About the Author: admin

7 Comments

  1. assalamualaikum. saya hanya seorang hamba yg mengaharapkan kebenaran. ada salahsatu pertanyaan yang mengganjal di pikiran. kadang saya liat di rumah keluarga yg menyanjung para habaib.mereka memajang foto habib-habibnya.apa tujuan mereka memajang foto mereka.padahal ada keterangan jelas mengenai hukum memajang gambar makhluk bernyawa.apakah itu hanya terjadi di kalangan yang awam saja?mohon penjelasannya.terima kasih

  2. sebagai masukan,sering saya liat waktu dialog kadang statement2 yang disampaikan jauh dari kenyataan bahkan terkesan dilebih-lebihkan.. baik statement dari yang dituduh salafi wahabi maupun statement dari yg mengaku aswaja.jadi gk ketemu…

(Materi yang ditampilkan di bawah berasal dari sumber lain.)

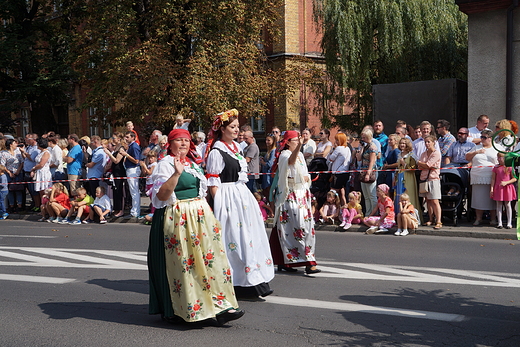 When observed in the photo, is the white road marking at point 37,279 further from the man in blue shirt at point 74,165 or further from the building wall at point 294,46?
the building wall at point 294,46

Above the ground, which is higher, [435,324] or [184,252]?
[184,252]

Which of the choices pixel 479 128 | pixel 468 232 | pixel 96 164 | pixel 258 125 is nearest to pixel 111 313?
pixel 468 232

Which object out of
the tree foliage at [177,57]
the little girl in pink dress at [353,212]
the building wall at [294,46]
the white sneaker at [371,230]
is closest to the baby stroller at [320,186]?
the little girl in pink dress at [353,212]

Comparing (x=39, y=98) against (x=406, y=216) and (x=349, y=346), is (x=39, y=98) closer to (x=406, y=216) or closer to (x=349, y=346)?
(x=406, y=216)

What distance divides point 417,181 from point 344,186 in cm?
183

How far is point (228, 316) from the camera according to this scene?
6090 millimetres

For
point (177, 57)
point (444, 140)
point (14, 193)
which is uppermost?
point (177, 57)

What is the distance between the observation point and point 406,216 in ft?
40.9

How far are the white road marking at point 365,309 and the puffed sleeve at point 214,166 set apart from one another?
4.77 ft

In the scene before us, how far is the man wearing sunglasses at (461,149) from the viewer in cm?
1323

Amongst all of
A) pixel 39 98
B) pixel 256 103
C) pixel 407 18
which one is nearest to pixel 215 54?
pixel 256 103

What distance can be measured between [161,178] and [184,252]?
2.39 feet

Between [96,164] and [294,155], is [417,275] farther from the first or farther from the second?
[96,164]

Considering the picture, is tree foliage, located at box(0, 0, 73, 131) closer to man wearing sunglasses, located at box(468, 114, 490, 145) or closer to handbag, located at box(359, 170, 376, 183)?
handbag, located at box(359, 170, 376, 183) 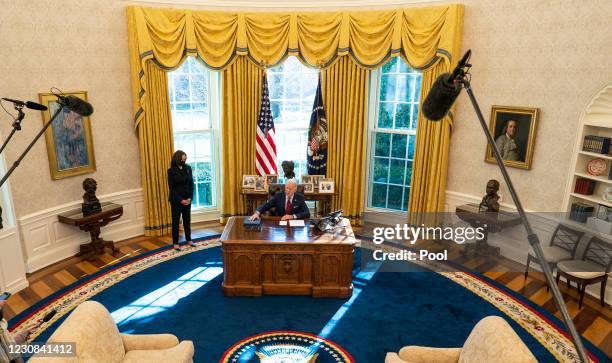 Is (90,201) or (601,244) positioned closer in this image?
(601,244)

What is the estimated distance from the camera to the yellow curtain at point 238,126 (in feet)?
26.2

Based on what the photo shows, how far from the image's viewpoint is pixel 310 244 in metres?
5.57

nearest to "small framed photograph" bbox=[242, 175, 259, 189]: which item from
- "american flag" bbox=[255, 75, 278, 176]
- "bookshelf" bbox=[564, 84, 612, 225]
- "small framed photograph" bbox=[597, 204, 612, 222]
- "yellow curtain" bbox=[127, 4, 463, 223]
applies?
"american flag" bbox=[255, 75, 278, 176]

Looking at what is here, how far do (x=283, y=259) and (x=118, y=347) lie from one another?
2.39 meters

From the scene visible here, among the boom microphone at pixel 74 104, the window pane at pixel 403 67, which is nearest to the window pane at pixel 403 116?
the window pane at pixel 403 67

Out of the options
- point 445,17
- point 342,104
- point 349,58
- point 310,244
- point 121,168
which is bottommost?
point 310,244

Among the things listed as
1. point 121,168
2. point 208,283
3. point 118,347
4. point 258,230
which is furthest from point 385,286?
point 121,168

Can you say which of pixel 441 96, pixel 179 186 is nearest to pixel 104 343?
pixel 441 96

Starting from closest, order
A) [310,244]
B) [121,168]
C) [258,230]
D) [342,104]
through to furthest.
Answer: [310,244] < [258,230] < [121,168] < [342,104]

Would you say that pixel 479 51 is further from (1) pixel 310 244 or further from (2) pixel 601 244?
(1) pixel 310 244

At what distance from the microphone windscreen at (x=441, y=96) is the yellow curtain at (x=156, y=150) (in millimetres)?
6205

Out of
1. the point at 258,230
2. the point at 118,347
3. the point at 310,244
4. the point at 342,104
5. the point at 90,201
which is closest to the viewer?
the point at 118,347

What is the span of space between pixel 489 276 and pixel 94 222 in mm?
6135

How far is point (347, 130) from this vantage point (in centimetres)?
821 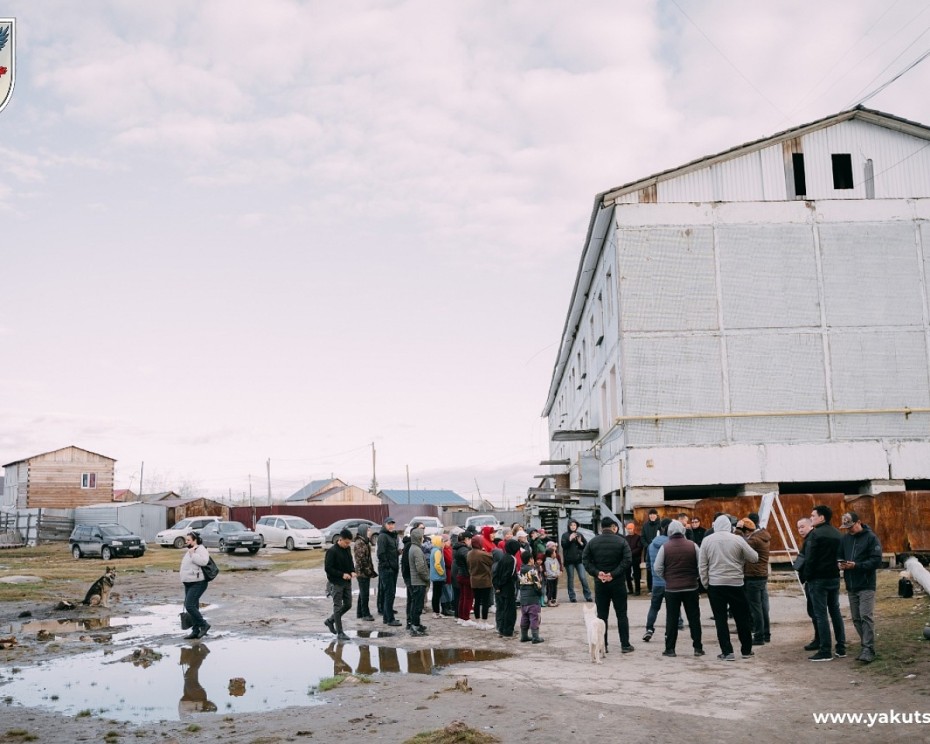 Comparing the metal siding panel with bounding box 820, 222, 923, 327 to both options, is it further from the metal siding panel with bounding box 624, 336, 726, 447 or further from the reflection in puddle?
the reflection in puddle

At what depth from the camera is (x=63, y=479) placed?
61.6 m

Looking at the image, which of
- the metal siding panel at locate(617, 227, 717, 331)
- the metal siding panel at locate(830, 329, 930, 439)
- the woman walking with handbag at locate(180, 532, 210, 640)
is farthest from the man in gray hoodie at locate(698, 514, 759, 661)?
the metal siding panel at locate(830, 329, 930, 439)

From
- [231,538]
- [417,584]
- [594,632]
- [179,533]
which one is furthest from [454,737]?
[179,533]

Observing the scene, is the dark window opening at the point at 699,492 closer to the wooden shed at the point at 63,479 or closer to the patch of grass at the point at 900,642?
the patch of grass at the point at 900,642

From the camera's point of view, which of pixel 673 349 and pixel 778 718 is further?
pixel 673 349

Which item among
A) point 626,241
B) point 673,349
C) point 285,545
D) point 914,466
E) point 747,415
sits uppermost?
point 626,241

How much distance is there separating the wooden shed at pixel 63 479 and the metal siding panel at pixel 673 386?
165 ft

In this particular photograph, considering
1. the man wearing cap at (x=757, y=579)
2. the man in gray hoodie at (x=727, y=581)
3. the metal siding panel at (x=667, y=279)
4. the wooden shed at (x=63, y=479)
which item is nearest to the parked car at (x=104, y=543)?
the metal siding panel at (x=667, y=279)

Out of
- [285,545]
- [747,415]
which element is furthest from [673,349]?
[285,545]

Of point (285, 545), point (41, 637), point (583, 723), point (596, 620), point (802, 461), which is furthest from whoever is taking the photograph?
point (285, 545)

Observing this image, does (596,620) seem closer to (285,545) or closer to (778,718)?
(778,718)

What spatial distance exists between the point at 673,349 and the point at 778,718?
1637 cm

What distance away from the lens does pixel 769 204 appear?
945 inches

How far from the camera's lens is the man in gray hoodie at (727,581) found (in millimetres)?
10797
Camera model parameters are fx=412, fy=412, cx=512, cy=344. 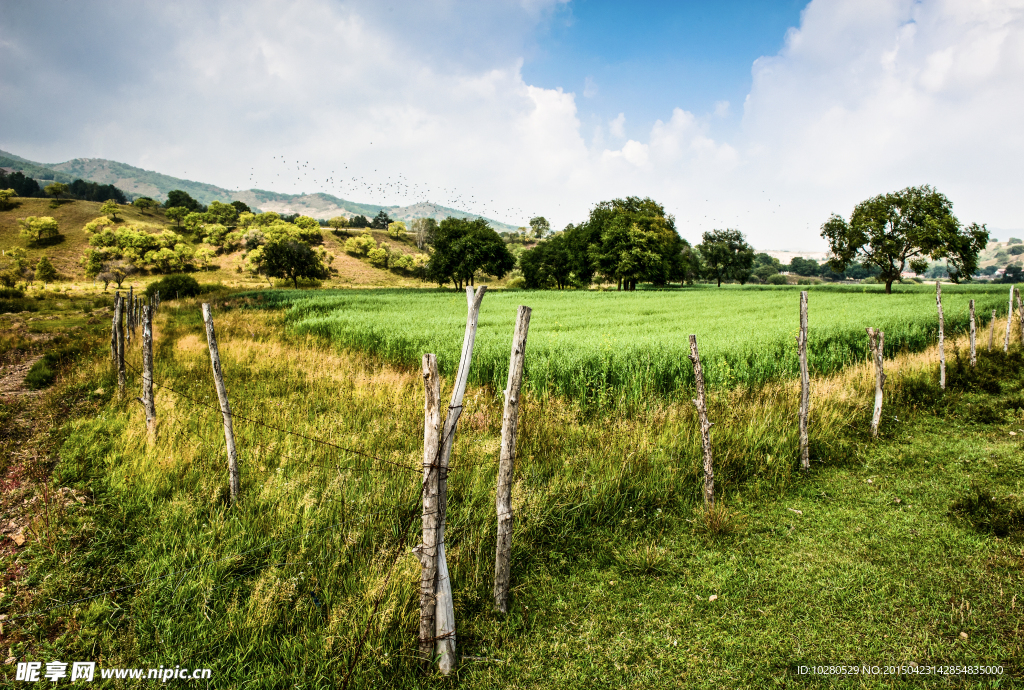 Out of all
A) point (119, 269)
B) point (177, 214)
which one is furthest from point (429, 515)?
point (177, 214)

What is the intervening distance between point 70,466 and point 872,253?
70144mm

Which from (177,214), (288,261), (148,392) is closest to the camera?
(148,392)

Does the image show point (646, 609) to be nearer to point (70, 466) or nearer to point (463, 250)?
point (70, 466)

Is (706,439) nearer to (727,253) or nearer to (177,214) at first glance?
(727,253)

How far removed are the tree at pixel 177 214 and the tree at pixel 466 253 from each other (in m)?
93.4

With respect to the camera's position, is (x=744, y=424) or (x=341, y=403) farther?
(x=341, y=403)

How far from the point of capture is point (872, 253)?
2036 inches

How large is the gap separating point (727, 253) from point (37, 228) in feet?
438

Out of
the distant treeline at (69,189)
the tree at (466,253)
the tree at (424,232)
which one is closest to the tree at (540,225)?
the tree at (424,232)

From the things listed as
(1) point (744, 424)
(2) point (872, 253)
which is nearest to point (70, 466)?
(1) point (744, 424)

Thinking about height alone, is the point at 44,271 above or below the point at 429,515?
above

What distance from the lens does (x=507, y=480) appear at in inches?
146

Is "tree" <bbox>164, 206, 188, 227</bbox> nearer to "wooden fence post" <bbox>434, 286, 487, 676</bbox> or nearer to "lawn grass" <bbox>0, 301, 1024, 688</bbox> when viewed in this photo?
"lawn grass" <bbox>0, 301, 1024, 688</bbox>

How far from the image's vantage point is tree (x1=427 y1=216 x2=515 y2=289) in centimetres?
5681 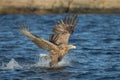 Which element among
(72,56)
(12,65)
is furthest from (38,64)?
(72,56)

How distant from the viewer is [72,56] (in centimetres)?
2267

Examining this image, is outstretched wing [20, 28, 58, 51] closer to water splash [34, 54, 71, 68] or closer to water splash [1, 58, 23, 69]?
water splash [34, 54, 71, 68]

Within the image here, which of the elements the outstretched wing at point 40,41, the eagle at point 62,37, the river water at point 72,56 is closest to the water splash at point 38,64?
the river water at point 72,56

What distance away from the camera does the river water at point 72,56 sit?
18266 millimetres

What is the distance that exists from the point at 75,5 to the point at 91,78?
25696 mm

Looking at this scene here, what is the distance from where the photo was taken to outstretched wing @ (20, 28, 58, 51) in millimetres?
18219

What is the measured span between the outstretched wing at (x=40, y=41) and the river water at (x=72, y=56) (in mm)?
325

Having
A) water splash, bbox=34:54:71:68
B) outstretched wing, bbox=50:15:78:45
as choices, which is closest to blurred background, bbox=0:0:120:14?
water splash, bbox=34:54:71:68

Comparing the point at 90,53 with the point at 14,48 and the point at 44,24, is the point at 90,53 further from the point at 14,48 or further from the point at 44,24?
the point at 44,24

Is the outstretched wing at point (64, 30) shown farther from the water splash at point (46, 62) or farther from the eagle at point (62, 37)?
the water splash at point (46, 62)

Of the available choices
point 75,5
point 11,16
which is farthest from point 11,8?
point 75,5

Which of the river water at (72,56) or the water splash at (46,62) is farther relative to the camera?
the water splash at (46,62)

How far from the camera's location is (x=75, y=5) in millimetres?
43000

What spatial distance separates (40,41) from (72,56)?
451 centimetres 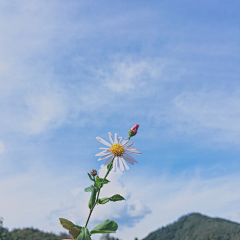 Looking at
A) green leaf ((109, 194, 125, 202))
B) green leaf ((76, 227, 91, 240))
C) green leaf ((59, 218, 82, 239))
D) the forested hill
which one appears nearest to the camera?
green leaf ((76, 227, 91, 240))

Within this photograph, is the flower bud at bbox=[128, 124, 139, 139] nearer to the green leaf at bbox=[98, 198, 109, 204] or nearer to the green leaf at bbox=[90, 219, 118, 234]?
the green leaf at bbox=[98, 198, 109, 204]

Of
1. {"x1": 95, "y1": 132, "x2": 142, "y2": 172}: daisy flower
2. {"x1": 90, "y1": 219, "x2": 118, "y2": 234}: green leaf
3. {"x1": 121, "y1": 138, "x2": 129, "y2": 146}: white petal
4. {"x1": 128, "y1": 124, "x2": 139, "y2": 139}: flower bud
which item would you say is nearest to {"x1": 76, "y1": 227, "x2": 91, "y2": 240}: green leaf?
{"x1": 90, "y1": 219, "x2": 118, "y2": 234}: green leaf

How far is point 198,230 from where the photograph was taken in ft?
73.4

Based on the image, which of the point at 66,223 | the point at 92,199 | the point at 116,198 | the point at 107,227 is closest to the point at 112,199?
the point at 116,198

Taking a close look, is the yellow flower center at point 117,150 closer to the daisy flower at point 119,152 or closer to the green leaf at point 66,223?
the daisy flower at point 119,152

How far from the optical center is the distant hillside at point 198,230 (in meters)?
19.8

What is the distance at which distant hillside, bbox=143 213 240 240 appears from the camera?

  3. Baru baca buku kuningnya wahabi “Al-Barahin Al-Jalilah Fi Rof’i Tasykikat Al-Wahabiyah” hal 6 bab. Akidah Ibnu Abdul Wahab (Muhammad bin Abdul Wahab).
    Diterangkan disana akidah asli dari wahabi, bagaimana anggapan mereka bahwa kuburan pengikutnya adalah berhala dan kuburan Nabi adalah berhala besar. Jelas sekali akidah mereka ini tidak berisi keyakinan kepada 4JJI, malah kepada berhala.
    Ini terjemah salah satu baris dalam kitab tersebut :
    “Dan sesungguhnya bagi Muhammad bin Abdul Wahab (pendiri Wahabi) memiliki keyakinan-keyakinan dan hukum-hukum tentang sekitar kuburan dan mengkhususkannya, juga dia berfatwa tanpa dalil yang syar’i, karena dalil-dalil yang benar itu berlawanan dengan apa yang dihukuminya. Dan sesungguhnya pandapatnya tentang kuburan, dia mengharamkan memakmurkannya dan membuat bangunan di sekitarnya, berdoa dan shalat disisinya, bahkan dia mewajibkan untuk menghancurkannya, melenyapkannya dan menghapus bekas-bekasnya sampai juga kubur Rasulullah Shallallahu ‘alaihi wa sallam dan keluarganya, dan dia beranggapan bahwa pengikutnya adalah para syuhada (mati syahid) yang terhormat dan kuburannya setarap dengan berhala, dan mereka (pengikut Muhammad bin Abdul Wahab) mengatakan bahwa kuburan Nabi Shallallahu ‘alaihi wa sallam sesungguhnya adalah sebuah berhala besar.”

  4. pengumuman-pengumuman, kalo ada orang wahabi yang wafat, jgn ada yang mensholatkan, lah wong..doa nya kita gak bakalan nyampe kok…..
    salam ta’arruf tadz..ane pemerhati gerakan wahabi. semoga Allah melindungi kita dari fitnah dajjal…amin..

  5. Ziarah kubur itu amal sholih juga kan ya, kalau terus diteriaki sebagai orang musyrik bisa-bisa yg teriak2 jadi musyrik sendiri tanpa disadarinya. Bukankah begitu ustzadz? Mohon koreksi kalau ana salah.

    1. Ya, benar seperti itu Ummu Aiman, alhamdulillah antum masih eksis. Semoga istiqomah, amin yaa robbal alamin.

      Hadits Rasulullah yang terdapat dalam Sahih Bukhari no 5752 yang artinya: “Barangsiapa mengatakan kepada saudaranya dengan Wahai Kafir, maka kekafiran itu kembali kepada salah satunya ”

      Begitulah juga siapa yang menuduh seorang Muslim dengan tuduhan syirik maka orang yang menuduh itu sendiri akan jatuh ke dalam kesyirikan.

      Telah diterangkan dalam hadits dari Huzaifah bin Yaman di mana RasuluLlah sallaLLahu ‘alaihi wasallam bersabda yang berarti :
      “Sesungguhnya perkara yang aku khuatirkan atas kamu semua adalah seseorang yang telah membaca al Quran sehingga apabila telah nampak kepandaiannya dalam al Quran dan dia telah menjadi pendukung Islam, tiba-tiba dia merubahnya sesuatu yang dikehendaki oleh ALlah, maka iapun terlepas dari al Qur’an dan melemparkannya ke belakang serta mengancam tetangganya dengan pedang sambil melemparinya dengan tuduhan syirik.
      Aku bertanya : Wahai Nabi ALlah mana di antara keduanya yang lebih patut di anggap melakukan kesyirikan? Orang yang dituduh ataukah yang melemparkan tuduhan?
      Nabi menjawab : Yang melemparkan tuduhan.”

      (Hadits dikeluarkan oleh Ibnu Hibban pada hadith no 81 dan Ibnu Kathir dalam tafsirnya jilid II/266, dia berkata : Isnad Hadits ini bagus. Begitu juga ditakhrij oleh Al Bazzar dalam Musnadnya dengan pernyataan yang sama, At Thabroni dalam Al Kabir dan As Saghir dengan pernyataan yang sama dan Ibnu Abi Ashim dalam kitab As Sunnah).